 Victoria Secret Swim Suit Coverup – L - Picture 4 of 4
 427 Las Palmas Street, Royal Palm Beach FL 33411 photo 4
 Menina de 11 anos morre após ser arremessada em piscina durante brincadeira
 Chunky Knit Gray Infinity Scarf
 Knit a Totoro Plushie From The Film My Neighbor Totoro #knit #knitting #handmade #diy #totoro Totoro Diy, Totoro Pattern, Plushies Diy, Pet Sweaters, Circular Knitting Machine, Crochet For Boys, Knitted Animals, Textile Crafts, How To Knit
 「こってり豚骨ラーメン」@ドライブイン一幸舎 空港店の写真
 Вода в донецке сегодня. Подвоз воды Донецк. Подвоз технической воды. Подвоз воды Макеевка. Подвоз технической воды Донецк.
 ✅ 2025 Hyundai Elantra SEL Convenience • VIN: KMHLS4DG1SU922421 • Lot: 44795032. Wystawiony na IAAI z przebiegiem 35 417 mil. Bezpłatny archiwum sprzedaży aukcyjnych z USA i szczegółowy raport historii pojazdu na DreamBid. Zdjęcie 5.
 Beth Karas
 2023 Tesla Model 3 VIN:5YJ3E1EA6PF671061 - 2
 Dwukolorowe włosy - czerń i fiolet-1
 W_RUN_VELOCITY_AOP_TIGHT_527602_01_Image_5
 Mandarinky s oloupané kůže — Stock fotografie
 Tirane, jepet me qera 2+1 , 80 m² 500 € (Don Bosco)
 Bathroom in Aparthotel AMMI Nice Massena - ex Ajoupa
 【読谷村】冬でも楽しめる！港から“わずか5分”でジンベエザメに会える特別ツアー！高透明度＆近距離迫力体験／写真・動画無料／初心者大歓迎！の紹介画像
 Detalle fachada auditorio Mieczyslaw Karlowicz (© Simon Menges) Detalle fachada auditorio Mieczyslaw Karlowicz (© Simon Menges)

____

What to produce: From the first line to the last, copy the data exactly.

Answer:
 Victoria Secret Swim Suit Coverup – L - Picture 4 of 4
 427 Las Palmas Street, Royal Palm Beach FL 33411 photo 4
 Menina de 11 anos morre após ser arremessada em piscina durante brincadeira
 Chunky Knit Gray Infinity Scarf
 Knit a Totoro Plushie From The Film My Neighbor Totoro #knit #knitting #handmade #diy #totoro Totoro Diy, Totoro Pattern, Plushies Diy, Pet Sweaters, Circular Knitting Machine, Crochet For Boys, Knitted Animals, Textile Crafts, How To Knit
 「こってり豚骨ラーメン」@ドライブイン一幸舎 空港店の写真
 Вода в донецке сегодня. Подвоз воды Донецк. Подвоз технической воды. Подвоз воды Макеевка. Подвоз технической воды Донецк.
 ✅ 2025 Hyundai Elantra SEL Convenience • VIN: KMHLS4DG1SU922421 • Lot: 44795032. Wystawiony na IAAI z przebiegiem 35 417 mil. Bezpłatny archiwum sprzedaży aukcyjnych z USA i szczegółowy raport historii pojazdu na DreamBid. Zdjęcie 5.
 Beth Karas
 2023 Tesla Model 3 VIN:5YJ3E1EA6PF671061 - 2
 Dwukolorowe włosy - czerń i fiolet-1
 W_RUN_VELOCITY_AOP_TIGHT_527602_01_Image_5
 Mandarinky s oloupané kůže — Stock fotografie
 Tirane, jepet me qera 2+1 , 80 m² 500 € (Don Bosco)
 Bathroom in Aparthotel AMMI Nice Massena - ex Ajoupa
 【読谷村】冬でも楽しめる！港から“わずか5分”でジンベエザメに会える特別ツアー！高透明度＆近距離迫力体験／写真・動画無料／初心者大歓迎！の紹介画像
 Detalle fachada auditorio Mieczyslaw Karlowicz (© Simon Menges) Detalle fachada auditorio Mieczyslaw Karlowicz (© Simon Menges)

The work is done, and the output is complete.